Helfen im Großen und Kleinen
Für den Verein ist diese Haltung ein Glücksfall, denn die Däslers wissen, wovon sie sprechen und was Familien mit herzkranken Kindern brauchen. Sie kennen das Leben mit einem kranken Kind. Sie haben selbst erfahren, dass es alles auf den Kopf stellt: Immer wieder viele Wochen in der Klinik, die ständigen Sorgen, die emotionalen Berg- und Talfahrten, dazu die finanziellen Belastungen.
„Mit dem Verein können wir ganz schnell und individuell Hilfe leisten. Manchmal fehlt Familien schlicht das Geld für die Parkgebühren oder eine Unterkunft in Aachen, wenn das Kind wieder einmal längere Zeit in der Uniklinik verbringen muss.
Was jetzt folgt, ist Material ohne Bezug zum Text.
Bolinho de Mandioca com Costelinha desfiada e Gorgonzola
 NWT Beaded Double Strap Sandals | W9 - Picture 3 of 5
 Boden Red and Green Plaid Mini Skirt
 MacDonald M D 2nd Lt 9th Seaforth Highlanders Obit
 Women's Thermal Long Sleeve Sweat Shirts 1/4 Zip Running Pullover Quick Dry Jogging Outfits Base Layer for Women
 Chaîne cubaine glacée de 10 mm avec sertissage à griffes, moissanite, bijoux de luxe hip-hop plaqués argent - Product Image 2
Manchmal finden sie für ein krankes Kind keinen Kitaplatz oder benötigen spezielle Hilfsmittel“, erklärt Jörg Däsler. „Wir begleiten durch den Behördendschungel, sorgen für einen Austausch mit anderen Betroffenen oder ermöglichen einen – vielleicht letzten – besonderen Ausflug mit der Familie vor einer schweren Operation. Manchmal wünscht sich ein Kind, das seit Wochen in der Klinik liegt, auch einfach nur ein spezielles Spielzeug. Alles ist möglich. Mal sind es ganz kleine Dinge, die helfen, mal unterstützen wir mit größeren Spenden. Und manchmal reicht es auch, Zuhörer zu sein, der mitfühlt und Sorgen und Nöte der Familien nachempfinden kann.“
Begegnung mit anderen Betroffenen
Jeden Monat veranstaltet der Verein Eltern-Kind-Nachmittage und Treffen der Jugendgruppe. Unter Gleichgesinnten ist vieles leichter. „Letztens traf ein junger Mann in der Herz-Gruppe auf die Mutter eines kleinen Jungen, der genau den gleichen Herzfehler hat. Diesen erwachsenen Mann zu sehen und von seinem guten und erfolgreichen Leben zu erfahren, war für die Mutter mehr wert als die Berichte von 30 Ärzten“, sagt Jörg Däsler. Und auch wenn ihre eigene Geschichte kein gutes Ende genommen hat, können die Däslers Mut machen. Denn sie durften elf wunderbare Jahre mit ihrem Lukas verbringen, dem man anfangs sein Leben gar nicht zugetraut hatte.
Wichtige Kraft zurückgeben
Mit ihren Mitstreitern aus dem Verein, von denen viele ebenfalls betroffene Eltern sind oder in der Kinderkardiologie der Uniklinik RWTH Aachen arbeiten, entwickeln die Däslers stetig neue Angebote. „Demnächst möchten wir verstärkt die Familien der betroffenen Kinder in den Blick nehmen“, berichtet Jörg Däsler. „Als Eltern und Geschwister mit der ständigen Angst um das Kind und Geschwisterkind zu leben, ist wahnsinnig anstrengend. Die Fürsorge und die Aufmerksamkeit, die kranke Kinder benötigen, rauben der ganzen Familie Kraft. Wir wollen helfen, etwas von dieser Kraft zurückzugeben.“ Und so sind Sabine und Jörg Däsler voller Tatendrang, auch wenn ihnen ihre Arbeit manchmal mehr als schwerfällt. Aber sie machen weiter. Und Lukas ist stets dabei. In ihren Herzen und ihren Gedanken – und mit seiner Unterschrift, die als Tattoo die Handgelenke seiner Eltern ziert.